Gross Pathology — Right-Sided vs Left-Sided CRC
Gross Pathology of Right-Sided vs Left-Sided Colorectal Carcinoma
The anatomical side of the colon profoundly influences gross morphology and clinical presentation, because luminal calibre and faecal consistency differ markedly between caecum/ascending colon and descending/sigmoid colon.
Right-sided CRC (caecum, ascending colon)
- Gross form: Polypoid / fungating / exophytic mass — grows into the wide lumen without encircling it.
- Lumen: Wide; liquid faeces → obstruction is late and uncommon.
- Clinical presentation: Occult gastrointestinal bleeding → iron-deficiency anaemia, fatigue, palpable RIF mass. No visible rectal bleeding, no obstruction.
- Cut surface: Soft, haemorrhagic tumour tissue; necrotic centre common.
Left-sided CRC (descending colon, sigmoid, rectum)
- Gross form: Annular / constricting / "napkin-ring" lesion — encircles the narrow lumen circumferentially.
- Lumen: Narrow; solid/formed faeces → obstruction is early and common.

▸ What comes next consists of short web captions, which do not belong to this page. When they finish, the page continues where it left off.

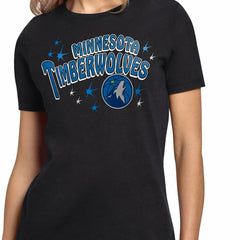 NBA - Minnesota Timberwolves Starter Women's Fireworks T-Shirt - Black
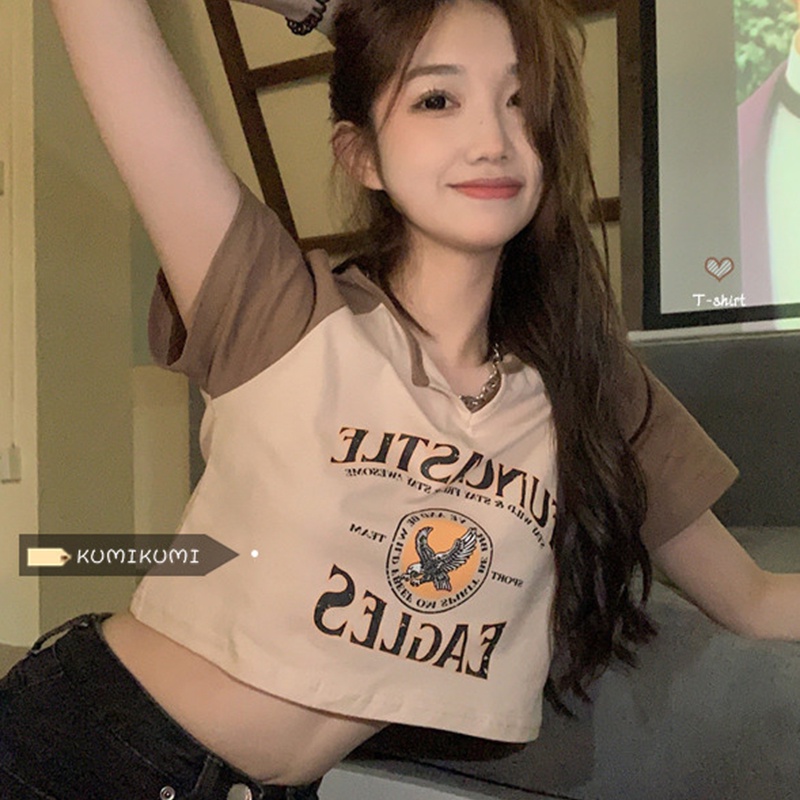 SUXI Áo Thun Lửng Tay Ngắn Dáng Ôm In Chữ Thời Trang Mùa Hè Cho Nữ
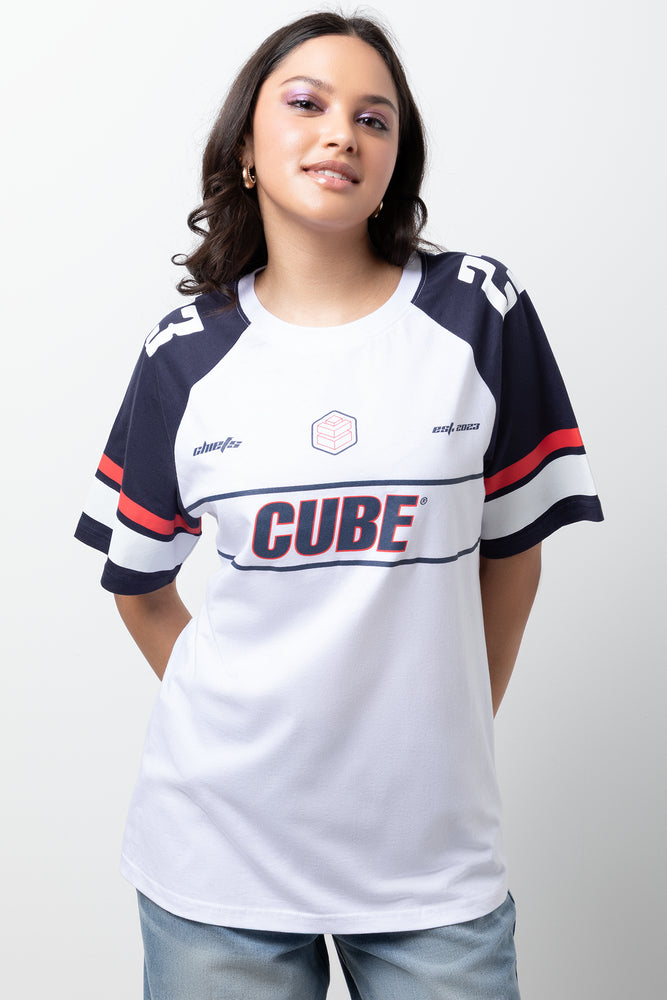 Oversized Graphic T-Shirt Navy & White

- Clinical presentation: Colicky LIF pain, altered bowel habit (constipation alternating with diarrhoea), pencil-thin stools, rectal bleeding (frank).

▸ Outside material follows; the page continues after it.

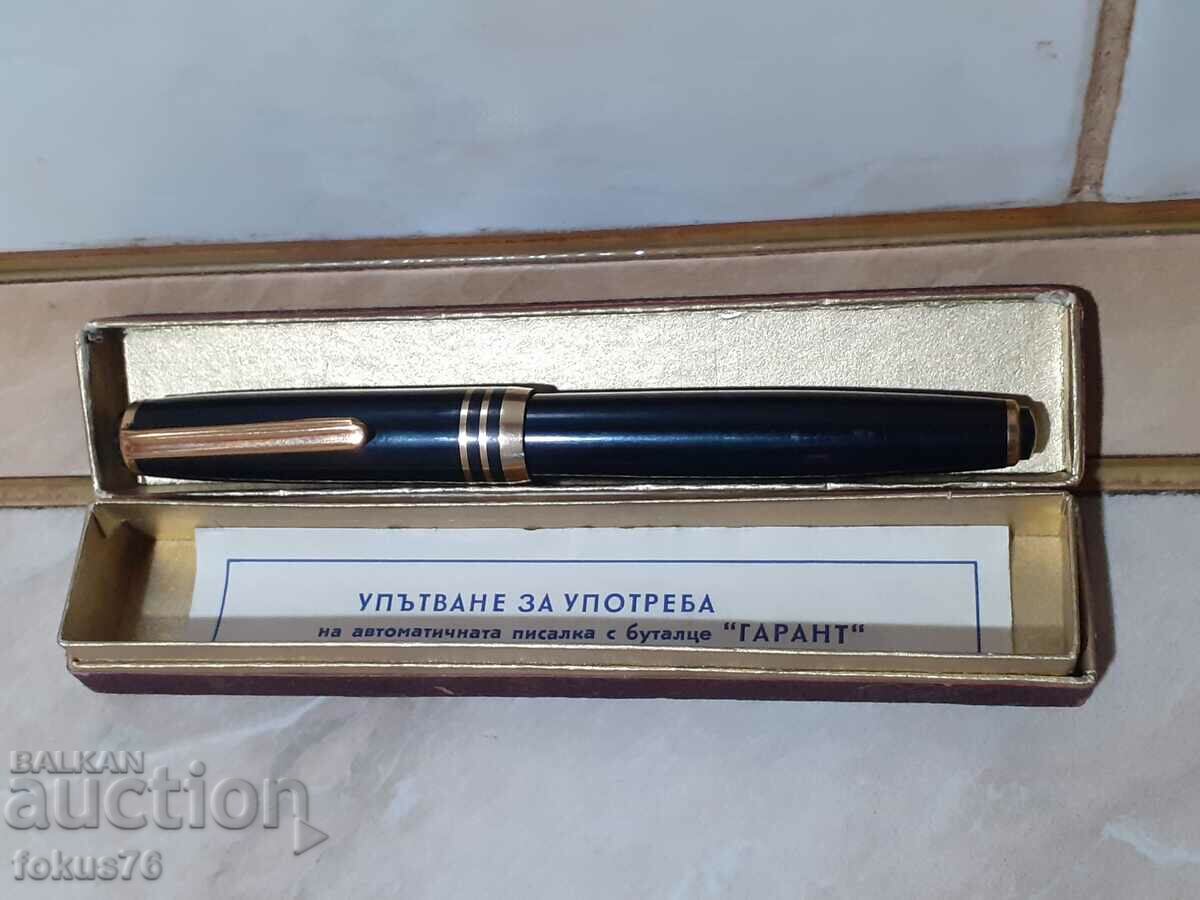 Pen Garant gold pen with box and instructions in Bulgarian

Gross Morphology of Right- versus Left-Sided Colorectal Carcinoma
SELF-CHECK
A 70-year-old man presents with progressive obstruction and pencil-thin stools. Colonoscopy reveals a circumferential annular lesion at the sigmoid colon. Which gross morphological pattern does this represent?

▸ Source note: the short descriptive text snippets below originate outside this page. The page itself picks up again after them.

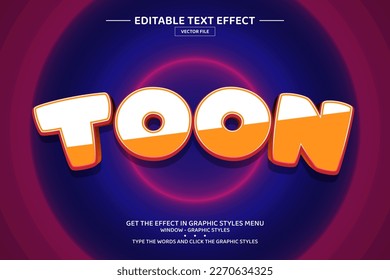 Toon 3D editable text effect template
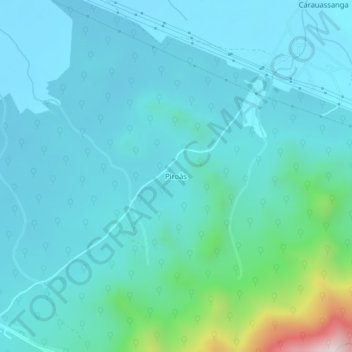 Mappa topografica Piroás, altitudine, rilievo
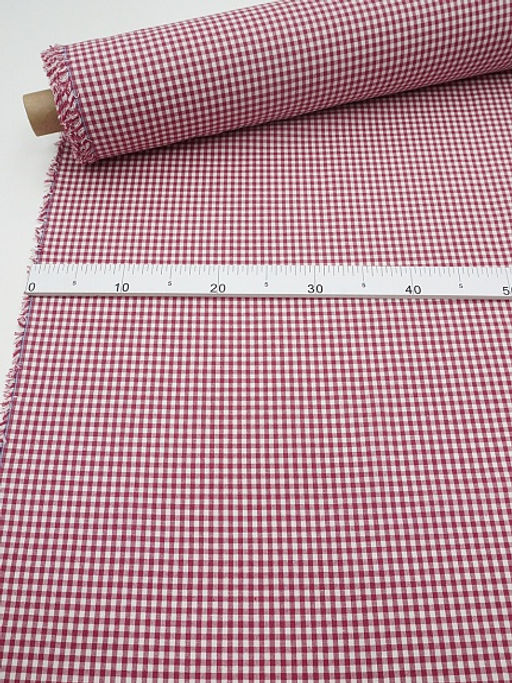 Брак(уценка) Пестрядь "Клетка (4*4 мм)" цв.малиновый, ш.1.45м, хлопок-100%, 130гр/м.кв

A. Polypoid / fungating / exophytic
B. Annular / constricting / napkin-ring
C. Ulcerating with raised edges
D. Diffuse infiltrating (linitis plastica pattern)
Reveal Answer
Answer: B. Annular / constricting / napkin-ring
The sigmoid colon has a narrow lumen and carries formed stool — carcinomas here encircle the wall circumferentially, producing the classic annular 'napkin-ring' stricture that causes obstruction and alters stool calibre. The polypoid/fungating pattern is characteristic of right-sided (caecum/ascending) CRC, which presents with anaemia rather than obstruction. Linitis plastica is a diffuse gastric pattern, not typical of the colon.